It does happen where a calm horse will get too scared and seemingly lose his training. 

John Lyons horse Zip had the same thing happen to him. He will tell the story of a photo shoot they did involving a helicopter, bear, and a tarp that shot up into the air. During the shoot Zip was fine, but the next day he was really spooky. John had to take him back to the round pen and work on spook work.

I too have had this experienced with a Mustang and a PMU rescue mare. In both cases the horses were 'fine' until one day the horse jumped and the rider came off. Both horses were fearful after that day and had to go through retraining to get them thinking again. Both horses were also very fearful of the area where the accident took place.

My suggestion is that you go through spook work with your horse and reteach the horse how to control it's fear. BTW both of the horses are doing super on trail and the owner of the mustang says he is so calm now that he goes a bit too slow. : )


----------



## 5cuetrain (Dec 11, 2009)

A couple of things.

One: since you really don't know his history it could be that he has been doing this for a long time.

Two: It sounds to me like he is either loosing his focus or he is deciding that he is done with whatever he is doing and wants to do something else.

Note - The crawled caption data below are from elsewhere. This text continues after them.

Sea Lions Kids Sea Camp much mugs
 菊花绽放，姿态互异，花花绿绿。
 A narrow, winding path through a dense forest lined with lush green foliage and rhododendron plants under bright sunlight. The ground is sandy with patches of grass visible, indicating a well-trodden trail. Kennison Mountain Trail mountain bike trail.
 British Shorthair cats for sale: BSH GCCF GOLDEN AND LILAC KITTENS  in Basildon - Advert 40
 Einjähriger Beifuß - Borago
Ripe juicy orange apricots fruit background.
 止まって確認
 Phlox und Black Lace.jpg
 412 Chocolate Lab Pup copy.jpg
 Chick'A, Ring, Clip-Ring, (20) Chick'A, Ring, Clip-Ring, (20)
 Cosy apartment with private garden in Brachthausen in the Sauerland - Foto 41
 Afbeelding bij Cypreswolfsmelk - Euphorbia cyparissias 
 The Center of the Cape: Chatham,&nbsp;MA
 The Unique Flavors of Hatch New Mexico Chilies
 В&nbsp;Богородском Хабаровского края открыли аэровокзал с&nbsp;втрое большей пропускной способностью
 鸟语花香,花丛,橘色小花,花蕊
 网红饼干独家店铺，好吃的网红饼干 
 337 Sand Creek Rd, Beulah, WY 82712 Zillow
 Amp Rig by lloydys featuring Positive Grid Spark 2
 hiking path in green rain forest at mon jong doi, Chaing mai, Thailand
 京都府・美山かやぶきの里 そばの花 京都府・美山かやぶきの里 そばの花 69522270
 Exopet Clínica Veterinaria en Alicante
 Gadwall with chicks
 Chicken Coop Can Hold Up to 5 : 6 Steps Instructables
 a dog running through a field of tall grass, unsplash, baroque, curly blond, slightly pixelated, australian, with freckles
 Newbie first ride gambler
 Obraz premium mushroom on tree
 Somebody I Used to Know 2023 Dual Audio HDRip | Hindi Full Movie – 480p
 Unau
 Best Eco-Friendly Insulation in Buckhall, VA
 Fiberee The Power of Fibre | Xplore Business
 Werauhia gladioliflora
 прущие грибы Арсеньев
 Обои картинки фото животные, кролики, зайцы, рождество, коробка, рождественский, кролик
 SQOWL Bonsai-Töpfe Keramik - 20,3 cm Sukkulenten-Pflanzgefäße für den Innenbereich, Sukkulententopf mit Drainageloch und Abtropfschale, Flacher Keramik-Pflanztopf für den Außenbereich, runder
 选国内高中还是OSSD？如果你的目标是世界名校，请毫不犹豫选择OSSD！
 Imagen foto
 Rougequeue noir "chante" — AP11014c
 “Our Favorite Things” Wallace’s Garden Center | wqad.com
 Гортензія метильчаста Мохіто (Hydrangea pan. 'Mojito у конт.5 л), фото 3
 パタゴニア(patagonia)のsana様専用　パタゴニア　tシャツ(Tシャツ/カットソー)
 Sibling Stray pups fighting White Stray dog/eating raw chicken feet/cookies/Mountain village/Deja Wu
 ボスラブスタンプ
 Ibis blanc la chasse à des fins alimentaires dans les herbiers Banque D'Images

Keeping his focus is more about constand redirection of his feet than it is a certain pattern or excercise. Keep changing the direction of his feet so that he knows that your are in control of each footfall. That will solve the focus issue.

If it is truly a fear thing then you need to re assure him that all is well by controling your emotions and redirecting his thoughts to his feet. You have about 1 second to get him focused on you. If he goes "holy SH__!!" and you second the emotion he will think he is right and BOOM. If you stay calm and redirect him he will come around.

Remember beng a good leader is the key. Just because he has had some tough times does not change the fact that you are the leader and he follows. Its the way horses think and he will be more comfortable once you earn his respect as the leader. Either you are the leader or he is--there is no other way that they understand.


----------



## I LIVE FOR HORSES (Sep 12, 2011)

If you have changed any of your tack (and I mean any of it) you might change back to your old tack because my horse did the same thing and changed back to my old saddle and she stopped acting up. But anytime she did something, I rode it out. Just hold on to anything but if you do fall off, climb right back on if yall arent seriously hurt. Hope this helps!


----------



## JustRide (Jun 28, 2011)

Maybe something spooked him without you knowing and it's "stuck" with him. I don't know if you get what I'm saying. Lol - but this happened to me with my TB. He got spooked when he was in tight spaces and he wouldn't stand for me. So I ended slowly leading him into the barn and things ended coming along after about 1 1/2 month.


----------



## Annnie31 (May 26, 2011)

Could be eyes but I think its more likely he has learned if he acts up enough he can unseat you and go home. Work him at home, make sure he understands that you are not coming off and he better behave. He has to know he cant get you unseated and take off and if he tries it at home you better have a HUGE converstation with him about who is the boss. Sounds like fun....


----------



## Annnie31 (May 26, 2011)

sorry hit enter before finished post above...
of course above post is if the horse is just being spoiled, if he truly is afraid and as the handler you should know I would simply suggest riding him a bit further from home every day. If he spooks work him for a while till he relaxes again and the next time you ride him ride him a bit further the key being to get a few rides no matter how short in with no incident.. I think the more you do it without incident the better he will get..


----------



## Joe4d (Sep 1, 2011)

My horse was handled pretty rough in his formerlife and was extremely spooky at everything. The the point of riolling his eyes and rearing up when he saw a saddle or western hat, basic exposure training and being nice to him help, but you cant think of everything, I have done some trining drills that dont keep him from getting scared, but have changed his reaction, In the round pen on a 12 foot lead line, I intentionally scare him, wave hats, rocks in a beer can, plastic bags, I change all the time. As soon as his feet stop moving I stop waving item. Then do it again, each time as soon as his feet stop I stop. Basically I have taught him to freeze when he sees something spooky instead of rearing and spinning 180 unexpectadly, On the trail he will now freeze, I can collect him encourage him a bit and usually get him to go on by without incident.


----------